WHAT THE TASK REQUIRES - Please copy the data below exactly; none of the pictures in it belong in the copy.

RECORDED DATA -
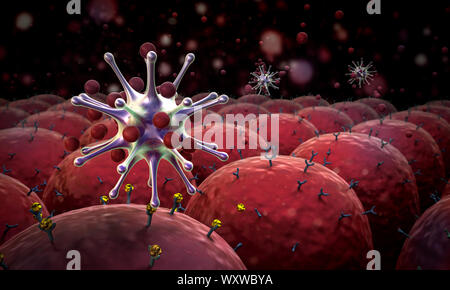 Domaine de cellules, les cellules de terrain avec les récepteurs, les droits de l'attaque du système immunitaire le virus Banque D'Images
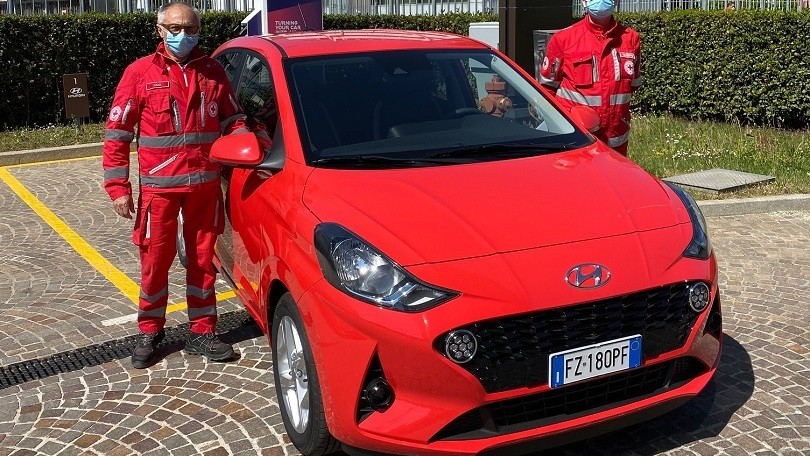 Coronavirus, i veicoli Hyundai per la Croce Rossa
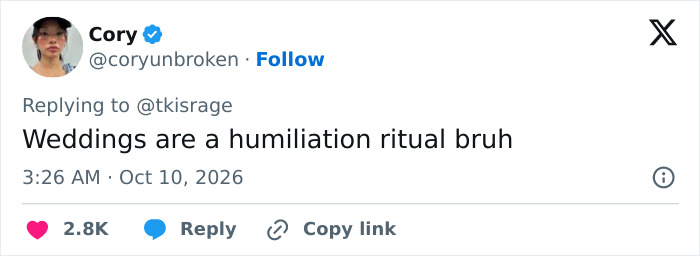 Social media user expressing outrage over awkward viral wedding vows.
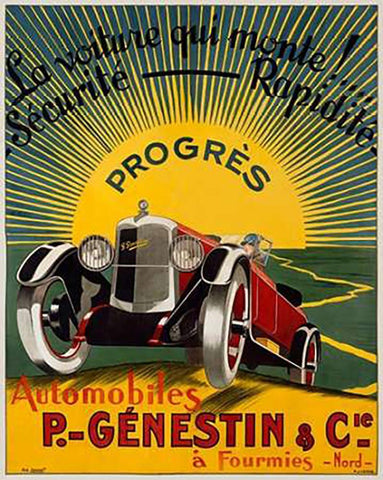 Automobiles P.-Genestin and Cie Black Ornate Wood Framed Art Print with Double Matting by Lecoq, H. J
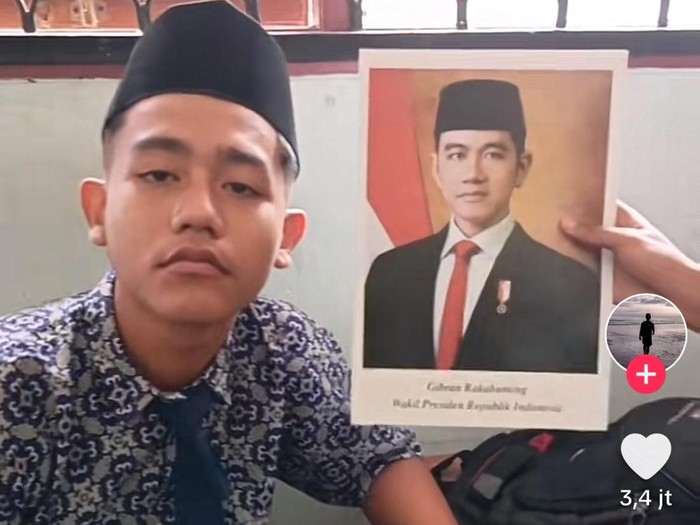 Tangkapan layar video viral di media sosial siswa SMP mirip Wapres Gibran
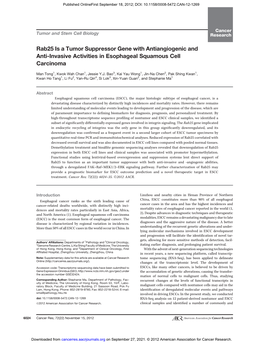 Rab25 Is a Tumor Suppressor Gene with Antiangiogenic and Anti-Invasive Activities in Esophageal Squamous Cell Carcinoma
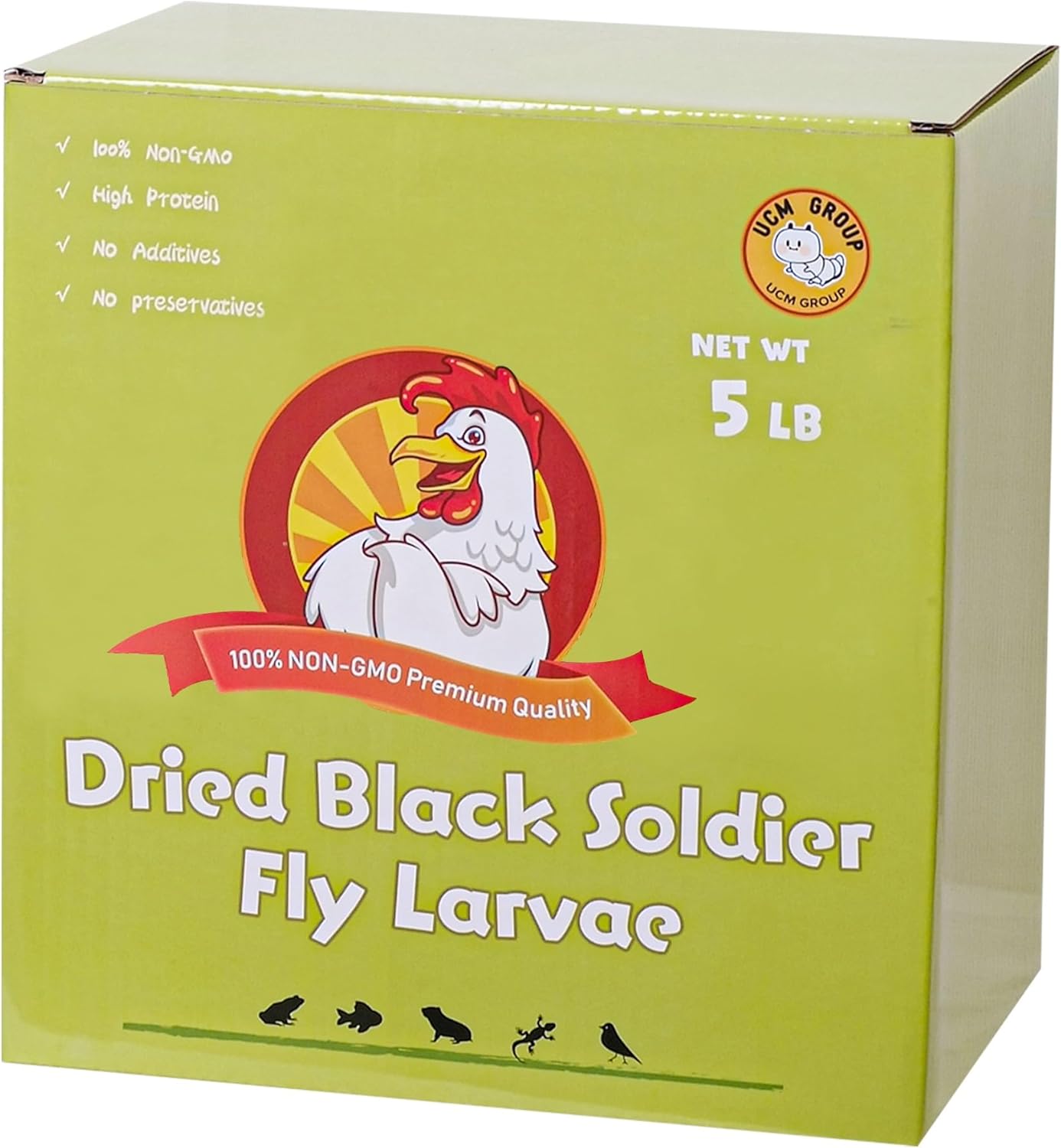 UCM Group Dried Black Soldier Fly Larvae five pound box front view high protein poultry treat.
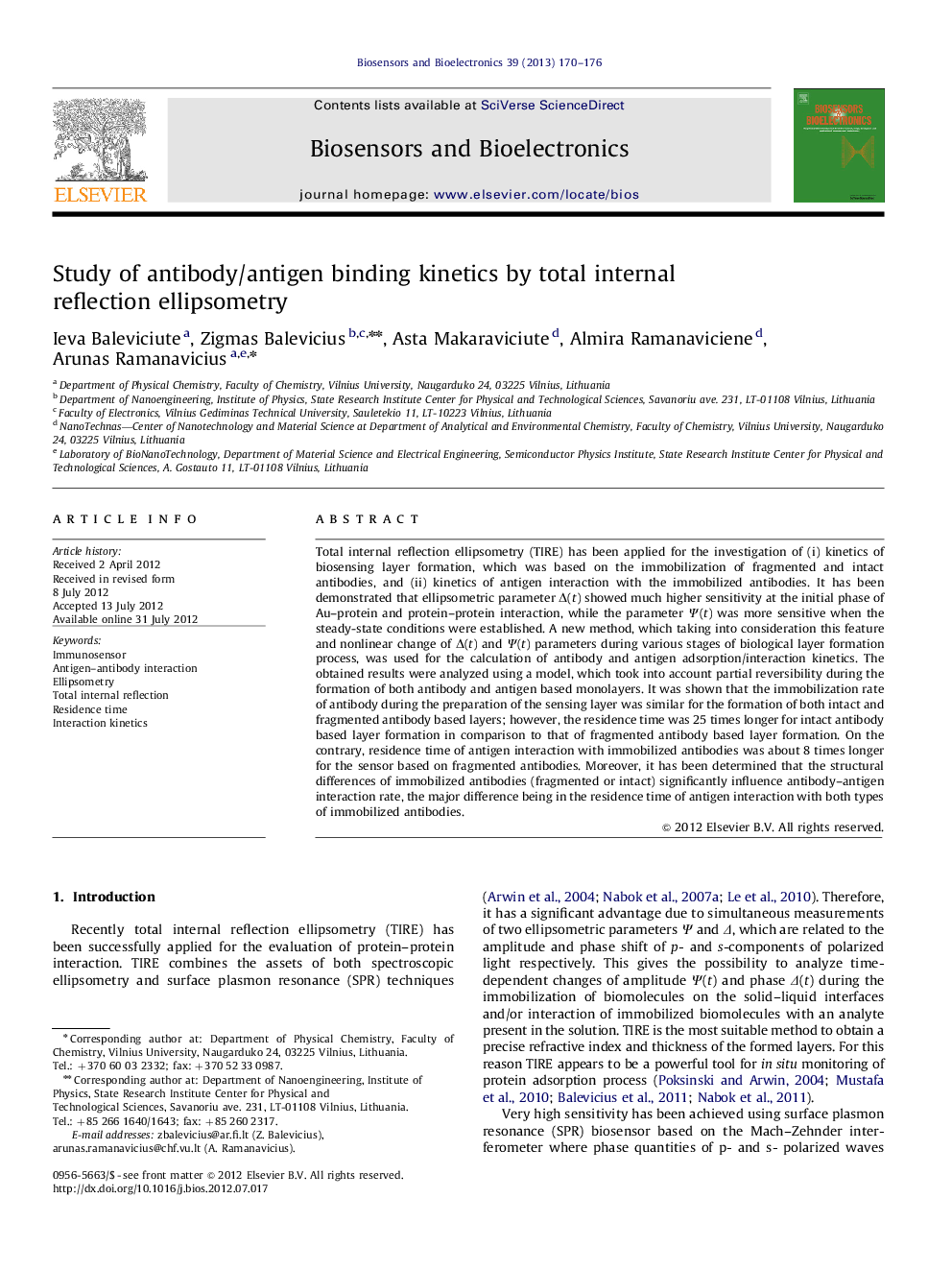 Study of antibody/antigen binding kinetics by total internal reflection ellipsometry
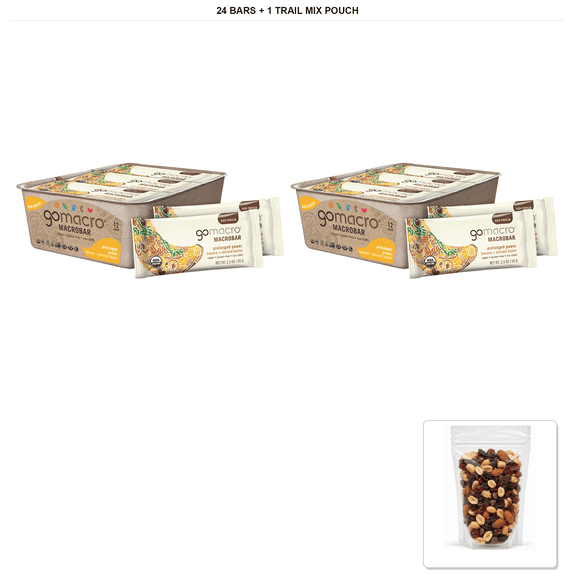 GoMacro Macrobar Banana & Almond Butter Protein Bars, 24 Bars, 1.9 oz Each with 1 Bybies Trail Mix Pouch, 2 oz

RESULT OF THIS EXERCISE -
 Domaine de cellules, les cellules de terrain avec les récepteurs, les droits de l'attaque du système immunitaire le virus Banque D'Images
 Coronavirus, i veicoli Hyundai per la Croce Rossa
 Social media user expressing outrage over awkward viral wedding vows.
 Automobiles P.-Genestin and Cie Black Ornate Wood Framed Art Print with Double Matting by Lecoq, H. J
 Tangkapan layar video viral di media sosial siswa SMP mirip Wapres Gibran
 Rab25 Is a Tumor Suppressor Gene with Antiangiogenic and Anti-Invasive Activities in Esophageal Squamous Cell Carcinoma
 UCM Group Dried Black Soldier Fly Larvae five pound box front view high protein poultry treat.
 Study of antibody/antigen binding kinetics by total internal reflection ellipsometry
 GoMacro Macrobar Banana & Almond Butter Protein Bars, 24 Bars, 1.9 oz Each with 1 Bybies Trail Mix Pouch, 2 oz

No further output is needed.